1906 feature film The Story of the Kelly Gang

The Australian film industry produced what was probably the world's first full length feature film in 1906. The film was the Tait brothers production The Story of the Kelly Gang. It was a success in both Australian and British theatres, and it was also the beginning of a genre of bushranger stories.

In November 2006 the National Film and Sound Archive released a new digital restoration of The Story of the Kelly Gang. This restoration incorporated 11 minutes of material recently discovered in the United Kingdom. Prior to this discovery only a few minutes of footage was available. The Story of the Kelly Gang can be seen when visiting the National Film and Sound Archive in Canberra, Australian Capital Territory.

While the Australian public took a liking to bushranger stories, the New South Wales police department did not. The production of films about bushrangers was banned in 1912. The Kelly story, however, outlasted the ban and has been refilmed a number of times since.

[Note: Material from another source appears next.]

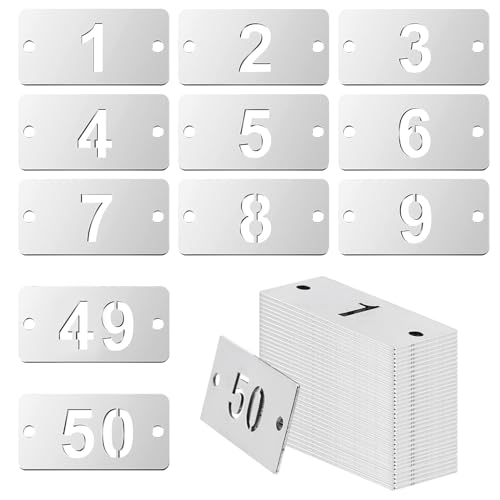 GLOBLELAND 50 etiquetas numeradas de metal acero inoxidable, etiquetas rectangulares huecas 2 agujeros para clasificar e identificar artículos 1.57 x 0.78 pulgadas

Other well known films about Ned Kelly include: Ned Kelly (1970) starring English rock singer Mick Jagger as Ned; the Trial of Ned Kelly (1977) starring John Waters and Gerard Kennedy; the 1980 mini-series The Last Outlaw starring John Jarratt, Steven Bisley and Sigrid Thornton; and most recently the 2003 Gregor Jordan directed Ned Kelly which starred Heath Ledger.

 

 

* * * * * Images from the National Film and Sound Archive * * * * *

 

 


ABC Limelight commentary

abc.net.au/limelight

The Story of the Kelly Gang is the only narrative film known to have been made in Australia during 1906. It was based on the exploits of folk here horse thief, and bank robber, Ned Kelly, who, had been hanged for murder twenty years earlier. The film was made by the Tait family with the technical assistance of Millard Johnson and William Gibson. The Taits were theatrical entrepreneurs who saw commercial opportunities in narrative films.

Filming took place at the Taits' Chartersville Estate in Heidelberg, Melbourne, where the eldest family member, Charles directed filming, and Millard Johnson operating the camera. Ned Kelly was played initially by a Canadian stunt actor, and after his departure, by an understudy. Members of the Tait family took most of the remaining roles. Joe Perry's sons, Reg and Orry worked on additional scenes that were included in a reissued version of the film in 1910.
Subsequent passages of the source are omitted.